The **soundness contract** — "never silently pure" — is its own gate, not a hope. An adversarial
fuzzer ([`soundness/`](soundness/)) generates compilable crates that thread a *known* effect from a
leaf up through a random chain of call forms, and asserts every reachable function is reported with
that effect or `Unknown` (a pure/omitted function is the bug it hunts). The fuzzer lanes cover the
forms that have historically hidden a call — direct/closure/generic/boxed callbacks, `dyn` and
arbitrary-self dispatch, UFCS, overloaded operators, `?`, `.await`, macros, implicit `Drop`, opaque
`impl Trait` returns, and the cross-crate boundary — each *teeth-verified* (reverting the fix makes
the lane fail). Two more
lanes run each program under `strace` and confirm candor's static prediction over-approximates the
effects the kernel actually observed — ground truth that trusts nothing about how the test was generated.

## Status

Prototype. Validated on a real ~8k-line codebase (the `ebman` AWS Elastic Beanstalk TUI):
audit tagged ~445 functions; a leaf module was converted to the capability discipline and brought to
zero conformance violations while still building on stable.

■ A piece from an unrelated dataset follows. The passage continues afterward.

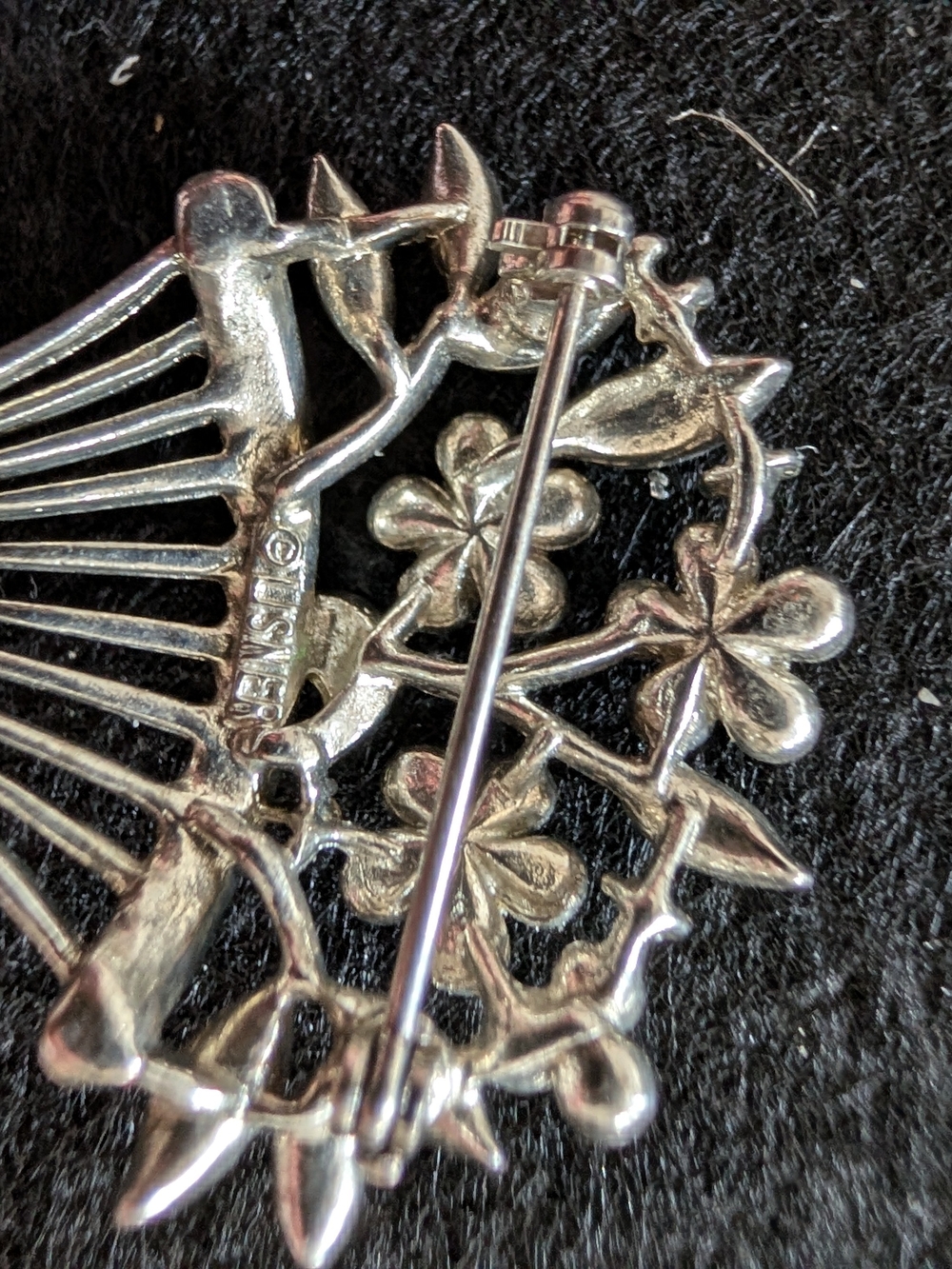 Branded Gold and Silver Floral Mixed-Metal Brooch Collection - Picture 3 of 11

candor also **guards itself**: CI runs candor over candor against `.candor/baseline`. Its effectful
surface — five functions in the lint (config / baseline / cross-report reads + the report write, all
`Env`/`Fs`), plus `candor-report`'s `report_files` (`Fs`) and the build script (`Exec`/`Fs`) — can't
gain a *new* effect unnoticed. Note the guard's scope, honestly: per AS-EFF-005's design it flags
*regressions in existing functions*, not brand-new functions (those are reviewed as new code), so a
newly-added effectful function wouldn't trip it. Refresh with `cargo candor snapshot .candor/baseline`
when a new effect is intended.

## License

Dual-licensed under [MIT](LICENSE-MIT) or [Apache-2.0](LICENSE-APACHE), at your option.